Design approved for Gulf War memorial on the National Mall

Military News

Editor’s Note: This article by Richard Sisk originally appeared on Military.com, a leading source of news for the military and veteran community.

The effort to build a National Desert Storm Memorial on the National Mall in Washington, D.C., passed a significant milestone last week with formal approval of a design concept granted by the U.S. Commission on Fine Arts.

Now, the plan is to have the memorial dedicated by Veterans Day 2021, which would mark the 30th anniversary of the 1991 Gulf War, said Scott Stump, CEO and president of the National Desert Storm War Memorial Association. The design will be unveiled this week.

“Our eternal thanks go out to the entire design team, along with the Commission of Fine Arts and the National Park Service for helping us reach this very important milestone,” Stump said in a statement.

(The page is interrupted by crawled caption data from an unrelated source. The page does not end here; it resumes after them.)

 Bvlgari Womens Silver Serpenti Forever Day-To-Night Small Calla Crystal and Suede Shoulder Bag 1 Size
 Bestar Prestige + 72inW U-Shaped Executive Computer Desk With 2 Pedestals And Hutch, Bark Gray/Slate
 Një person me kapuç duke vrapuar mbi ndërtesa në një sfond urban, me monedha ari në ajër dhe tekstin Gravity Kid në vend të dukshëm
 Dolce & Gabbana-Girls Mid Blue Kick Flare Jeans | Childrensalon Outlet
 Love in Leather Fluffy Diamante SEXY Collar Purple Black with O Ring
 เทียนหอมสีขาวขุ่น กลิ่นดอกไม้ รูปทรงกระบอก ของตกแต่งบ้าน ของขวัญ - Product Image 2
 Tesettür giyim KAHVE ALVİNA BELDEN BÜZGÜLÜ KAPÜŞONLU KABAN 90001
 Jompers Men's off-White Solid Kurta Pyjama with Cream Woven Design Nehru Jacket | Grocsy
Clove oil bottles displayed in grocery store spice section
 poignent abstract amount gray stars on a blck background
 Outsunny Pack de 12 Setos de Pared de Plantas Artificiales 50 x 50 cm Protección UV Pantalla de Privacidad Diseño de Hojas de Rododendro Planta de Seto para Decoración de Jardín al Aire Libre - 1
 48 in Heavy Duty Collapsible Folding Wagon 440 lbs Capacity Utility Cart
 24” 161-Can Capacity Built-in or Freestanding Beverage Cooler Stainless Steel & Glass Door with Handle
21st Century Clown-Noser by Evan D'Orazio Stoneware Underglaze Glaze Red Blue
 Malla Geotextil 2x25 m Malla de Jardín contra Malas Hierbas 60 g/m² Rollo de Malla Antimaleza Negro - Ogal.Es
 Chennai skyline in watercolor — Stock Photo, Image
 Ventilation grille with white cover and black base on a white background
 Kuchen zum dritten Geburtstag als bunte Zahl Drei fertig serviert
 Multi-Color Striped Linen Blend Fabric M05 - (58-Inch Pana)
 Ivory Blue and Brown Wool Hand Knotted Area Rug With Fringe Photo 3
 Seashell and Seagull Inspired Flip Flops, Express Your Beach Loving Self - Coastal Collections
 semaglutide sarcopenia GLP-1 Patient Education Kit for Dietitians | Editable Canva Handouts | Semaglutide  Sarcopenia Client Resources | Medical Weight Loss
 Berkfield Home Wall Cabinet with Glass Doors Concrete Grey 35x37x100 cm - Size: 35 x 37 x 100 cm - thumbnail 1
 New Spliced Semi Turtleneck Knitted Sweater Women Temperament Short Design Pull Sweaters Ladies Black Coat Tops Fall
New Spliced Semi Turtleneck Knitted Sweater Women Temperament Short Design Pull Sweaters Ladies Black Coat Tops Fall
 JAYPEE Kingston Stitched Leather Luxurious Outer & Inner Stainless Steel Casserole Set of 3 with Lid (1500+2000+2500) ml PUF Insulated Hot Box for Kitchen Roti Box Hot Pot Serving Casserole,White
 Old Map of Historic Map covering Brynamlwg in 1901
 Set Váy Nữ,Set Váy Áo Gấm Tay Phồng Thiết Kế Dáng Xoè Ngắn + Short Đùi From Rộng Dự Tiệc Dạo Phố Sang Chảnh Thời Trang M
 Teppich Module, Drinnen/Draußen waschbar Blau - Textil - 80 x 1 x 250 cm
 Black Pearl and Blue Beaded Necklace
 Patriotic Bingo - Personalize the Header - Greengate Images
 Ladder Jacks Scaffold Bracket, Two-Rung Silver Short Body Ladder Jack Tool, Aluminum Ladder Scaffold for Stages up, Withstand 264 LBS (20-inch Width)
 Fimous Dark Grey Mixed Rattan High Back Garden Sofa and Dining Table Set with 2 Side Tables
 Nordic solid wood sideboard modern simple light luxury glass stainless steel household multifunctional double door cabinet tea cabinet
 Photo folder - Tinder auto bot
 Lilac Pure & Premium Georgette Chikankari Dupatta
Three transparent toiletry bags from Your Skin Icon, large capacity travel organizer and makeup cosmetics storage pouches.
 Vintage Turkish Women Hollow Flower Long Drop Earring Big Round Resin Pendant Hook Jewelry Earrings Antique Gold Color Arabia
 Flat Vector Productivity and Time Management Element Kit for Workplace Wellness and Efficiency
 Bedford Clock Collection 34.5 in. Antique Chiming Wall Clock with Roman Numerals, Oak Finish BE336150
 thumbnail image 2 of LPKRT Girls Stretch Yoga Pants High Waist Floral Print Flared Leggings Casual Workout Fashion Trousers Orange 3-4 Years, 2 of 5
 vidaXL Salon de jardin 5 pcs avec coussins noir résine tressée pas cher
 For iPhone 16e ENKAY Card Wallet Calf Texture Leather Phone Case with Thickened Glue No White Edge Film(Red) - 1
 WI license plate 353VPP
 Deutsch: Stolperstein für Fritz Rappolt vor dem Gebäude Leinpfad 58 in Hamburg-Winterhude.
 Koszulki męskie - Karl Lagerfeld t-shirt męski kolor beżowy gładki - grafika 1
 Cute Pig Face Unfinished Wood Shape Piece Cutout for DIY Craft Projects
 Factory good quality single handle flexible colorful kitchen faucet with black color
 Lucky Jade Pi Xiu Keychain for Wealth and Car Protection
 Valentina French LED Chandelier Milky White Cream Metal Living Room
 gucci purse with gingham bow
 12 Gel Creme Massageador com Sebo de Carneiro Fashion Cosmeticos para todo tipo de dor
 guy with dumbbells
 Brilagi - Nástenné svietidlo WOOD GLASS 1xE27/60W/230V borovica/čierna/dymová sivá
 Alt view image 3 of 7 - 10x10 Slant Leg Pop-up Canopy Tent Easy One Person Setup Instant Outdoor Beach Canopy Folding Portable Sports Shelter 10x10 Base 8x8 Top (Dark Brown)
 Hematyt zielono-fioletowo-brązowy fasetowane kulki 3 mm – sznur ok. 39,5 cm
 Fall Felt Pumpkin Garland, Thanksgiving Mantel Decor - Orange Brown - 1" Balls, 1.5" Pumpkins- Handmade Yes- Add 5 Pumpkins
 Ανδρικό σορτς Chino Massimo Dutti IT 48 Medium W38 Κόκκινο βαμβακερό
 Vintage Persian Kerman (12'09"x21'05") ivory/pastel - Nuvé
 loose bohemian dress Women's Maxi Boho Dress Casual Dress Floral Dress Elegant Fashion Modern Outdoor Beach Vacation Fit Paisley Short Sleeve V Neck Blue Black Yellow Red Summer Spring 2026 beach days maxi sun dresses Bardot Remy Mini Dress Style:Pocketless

Fundraising is still underway to meet the projected $40 million cost of the memorial, at a site off Constitution Avenue near the Vietnam Memorial, to honor those who served in Operations Desert Shield and Desert Storm and liberated Kuwait from the forces of Iraqi dictator Saddam Hussein.

The initial design called for a semi-circular wall to recall the “left hook” by U.S. ground forces through the Saudi desert to cut off Iraqi troops in Desert Storm. It would include the names of the fallen and the 34 countries that joined the U.S. coalition, according to the association’s website.

A Phase 1 early concept for the National Desert Storm Memorial.(Architect’s rendering)

The effort to establish a Global War on Terrorism Memorial is not as far advanced as the Desert Storm memorial. But it got a boost earlier in November with the introduction of a bill in the House by Reps. Jason Crow, D-Colorado, and Mike Gallagher, R-Wisconsin, that would designate three possible sites for the GWOT memorial.

One proposed site for the memorial, which has yet to get design approval, is near the Vietnam Veterans Memorial; another is near the Korean War Veterans Memorial; and a third is in West Potomac Park near the Franklin D. Roosevelt Memorial.

A GWOT memorial would be the first in the nation’s capital for a war still underway. The project got past a roadblock in 2017 when Congress agreed to waive the requirement that the construction of war memorials on the Mall had to wait until 10 years after the conflict ended.

The Global War on Terrorism Memorial Foundation is now in the process of raising an estimated $50 million for the project, with a proposed groundbreaking in 2022 and a dedication in 2024.